Pictures with short captions

──────────────────────────────

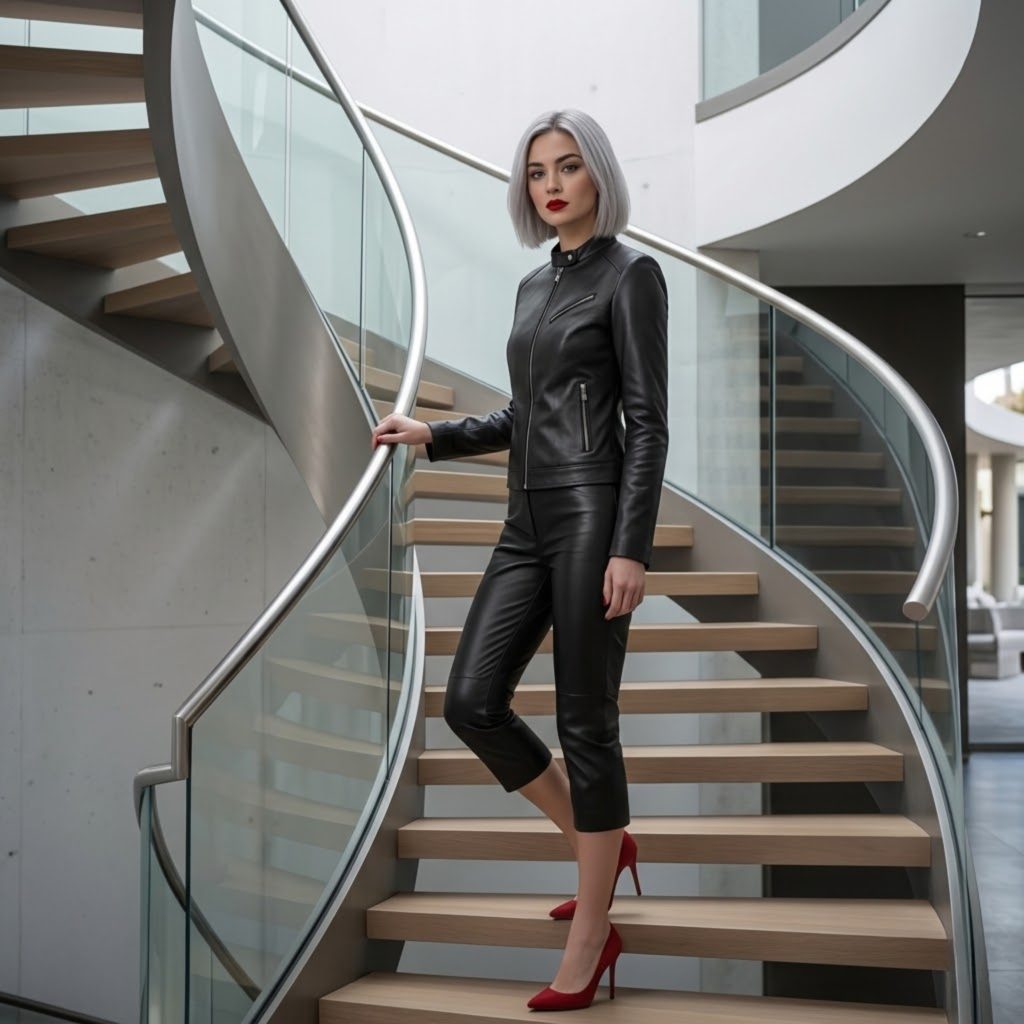 Matte Black Finish Winter Leather Jacket Women’s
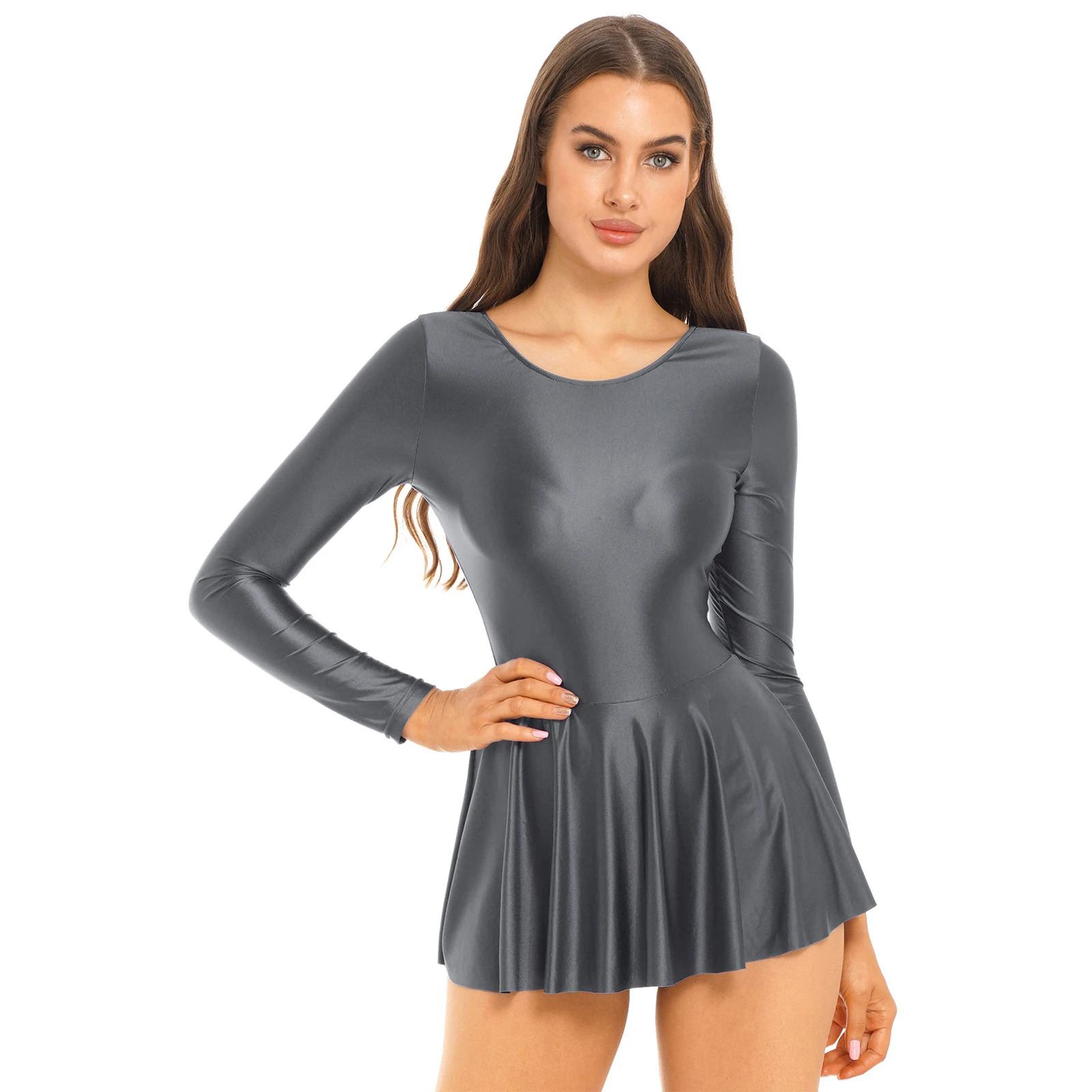 Womens Glossy Swimwear One Piece Swimsuit Long Sleeve Ruffled Dress Solid Color Round Neck Sports Ballet Dance Leotard Dresses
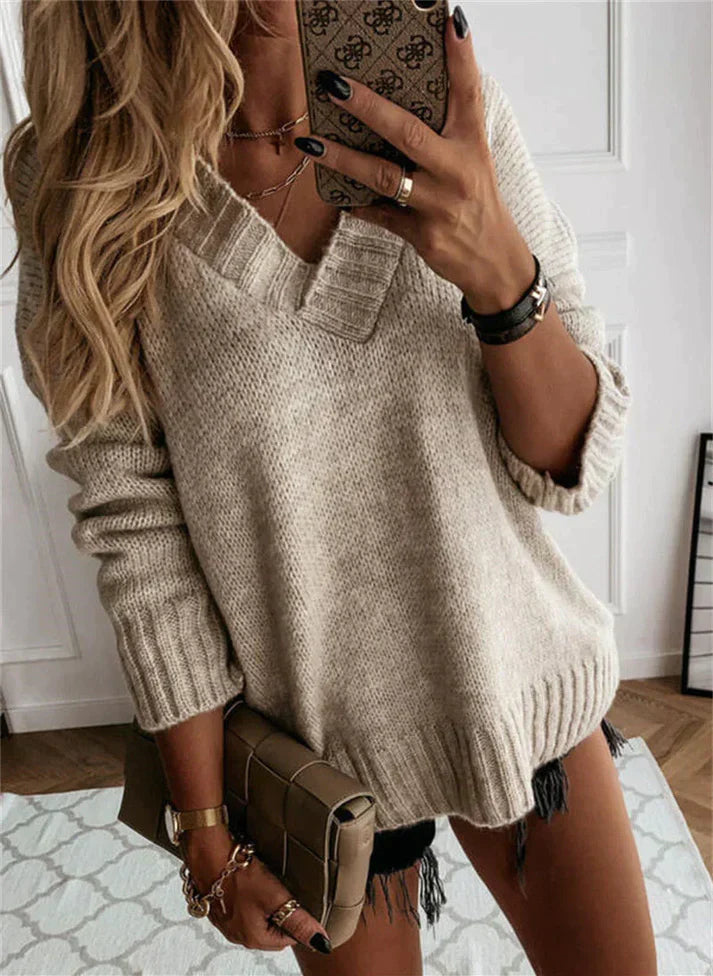 Women's V-Neck Knitted Jumper - Cosy and Stylish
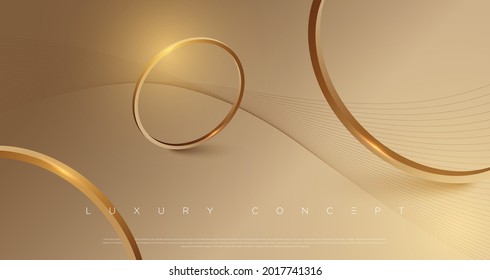 Luxury gold light effected rings background with premium geometric design elements for poster, website and design concepts. Vector illustration EPS 10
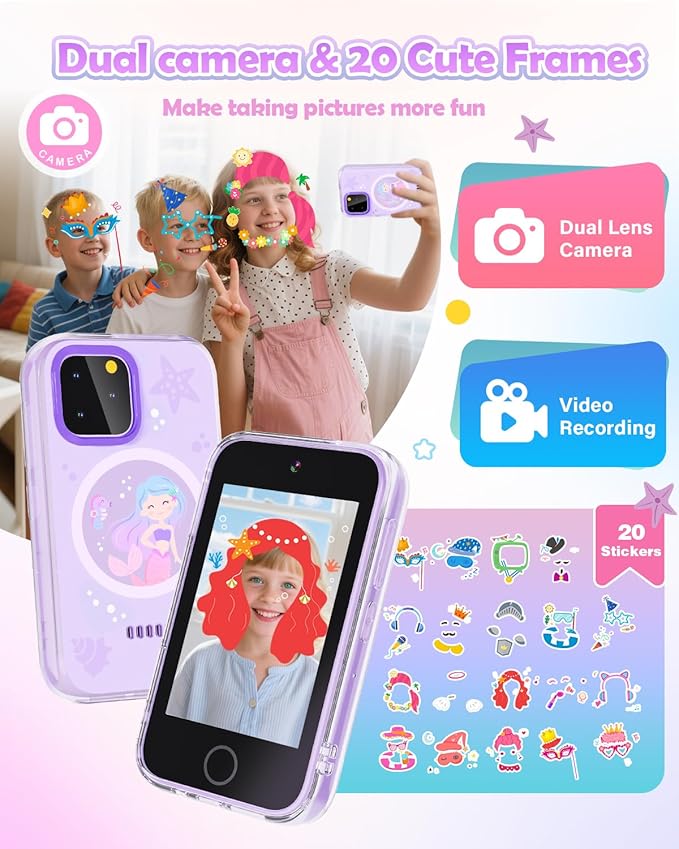 Kids Phone Toys for 3-12 Years Old Girls ,3.5'' Touchscreen Phone for Kids Learning Play Toy with Dual Camera,Video Players,Game,Christmas Birthday Gifts for Girls Age 3 4 5 6 7 8 9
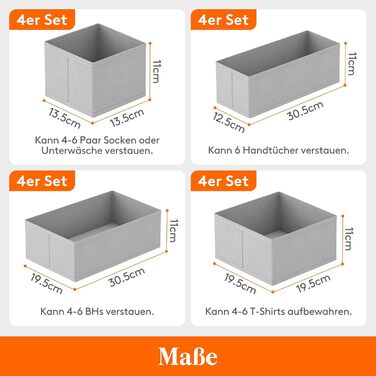 Lifewit 16-Piece Drawer Organizer Set, Closet Wardrobe Organizer, Changing Table Drawer Organization System for Wardrobe Bedroom for Clothes, Children's Clothes, Socks, Underwear, Grey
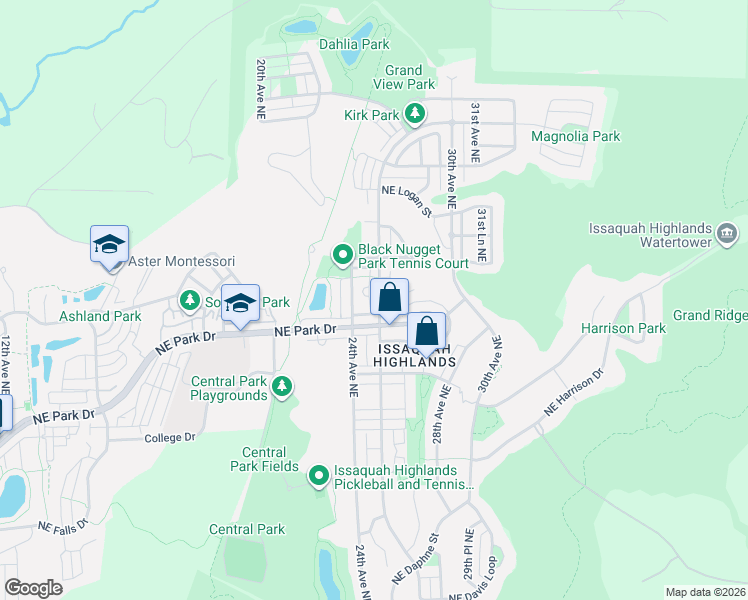 map of restaurants, bars, coffee shops, grocery stores, and more near 1919 25th Avenue Northeast in Issaquah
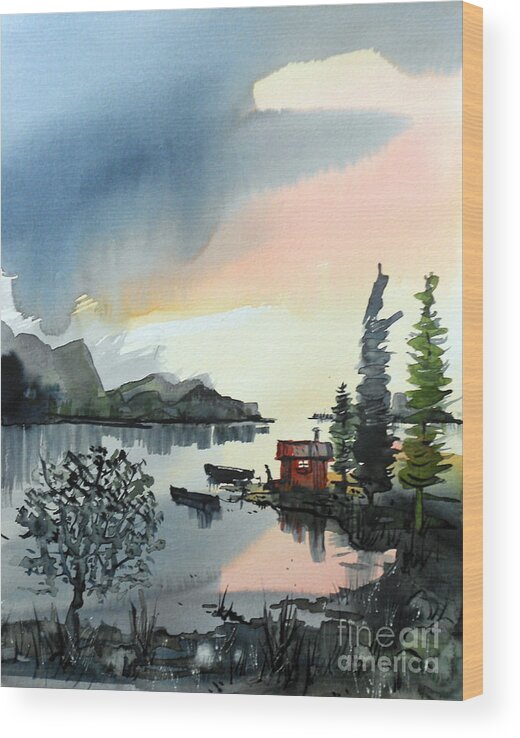 Summer Wood Print featuring the painting Boat Camp by Terry Banderas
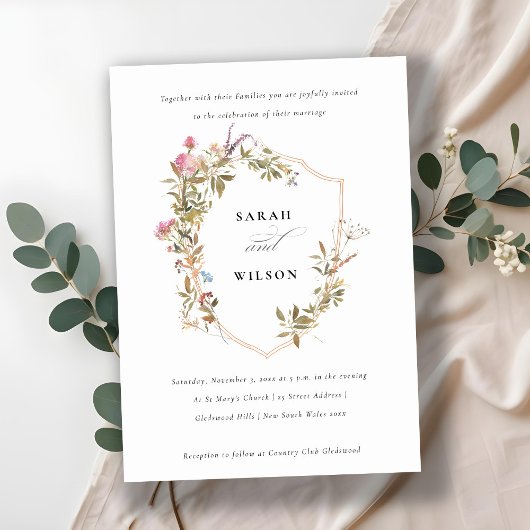 Chic Dusky Pink Blush Wildflower Crest Wedding Kaart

──────────────────────────────

# Exercise prompt:
Go back to the lines above and output, exactly as they stand, the ones from the line containing "Women's V-Neck Knitted" to the line containing "Summer Wood Print". Leave all pictures behind.

# Answer to this exercise:
 Women's V-Neck Knitted Jumper - Cosy and Stylish
 Luxury gold light effected rings background with premium geometric design elements for poster, website and design concepts. Vector illustration EPS 10
 Kids Phone Toys for 3-12 Years Old Girls ,3.5'' Touchscreen Phone for Kids Learning Play Toy with Dual Camera,Video Players,Game,Christmas Birthday Gifts for Girls Age 3 4 5 6 7 8 9
 Lifewit 16-Piece Drawer Organizer Set, Closet Wardrobe Organizer, Changing Table Drawer Organization System for Wardrobe Bedroom for Clothes, Children's Clothes, Socks, Underwear, Grey
 map of restaurants, bars, coffee shops, grocery stores, and more near 1919 25th Avenue Northeast in Issaquah
 Summer Wood Print featuring the painting Boat Camp by Terry Banderas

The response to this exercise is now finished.